Читать «Александр Грибоедов. Его жизнь и литературная деятельность» онлайн - страница 30

А. М. Скабичевский

Далее критик высказывает предположение, что «Горе от ума» взято из «Абдеритян» Виланда, но только Чацкому далеко до Демокрита этой комедии. О языке же «Горя от ума» он отзывается стихом из самой комедии. Он говорит, что в ней «господствует смешенье языков французского с нижегородским».

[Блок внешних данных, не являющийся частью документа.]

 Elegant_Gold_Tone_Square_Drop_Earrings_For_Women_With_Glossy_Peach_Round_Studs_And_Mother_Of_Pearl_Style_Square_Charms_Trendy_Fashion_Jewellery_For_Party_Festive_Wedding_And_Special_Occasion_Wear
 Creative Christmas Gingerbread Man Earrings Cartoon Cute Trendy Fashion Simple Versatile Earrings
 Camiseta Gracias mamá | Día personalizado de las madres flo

На критику Дмитриева ополчился в «Сыне отечества» – в защиту «Горя от ума» – О. Сомов. Против Сомова в защиту Дмитриева выступил в № 10 «Вестника Европы» некий Пиллад Белугин, который не ограничился уже одними отрывками комедии, напечатанными в «Русской Талии», а разбирает ее всю, в целом, и находит, что «ни одна сцена не истекает из предыдущей и не связывается с последующей. Перемените порядок явлений, переставьте нумера их, выбросьте любое, вставьте что хотите, и комедия не переменится. Во всей пьесе нет необходимости, стало – нет завязки, а потому не может быть и действия».

О своем противнике же (О. Сомове) критик «Вестника Европы» замечает, что «не любовь к истине водила пером его, а досада на смелость рецензента, восставшего против автора одного с ним прихода».

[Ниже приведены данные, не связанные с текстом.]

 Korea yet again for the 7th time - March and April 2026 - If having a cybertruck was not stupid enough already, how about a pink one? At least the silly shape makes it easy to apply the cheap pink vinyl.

Что касается самого Грибоедова, то он не только не принимал никакого участия во всей этой бранчливой полемике, но и друзей своих удерживал от участия в ней. Его более занимали и задевали за живое отзывы людей, которых он привык уважать с первых лет своего вступления на литературное поприще. Так, чрезвычайно интересно письмо его к П.А. Катенину, января 1825 года, в котором он возражает против замечаний Катенина на его комедию. Считаем нужным привести это письмо целиком, так как оно содержит взгляд на «Горе от ума» самого автора.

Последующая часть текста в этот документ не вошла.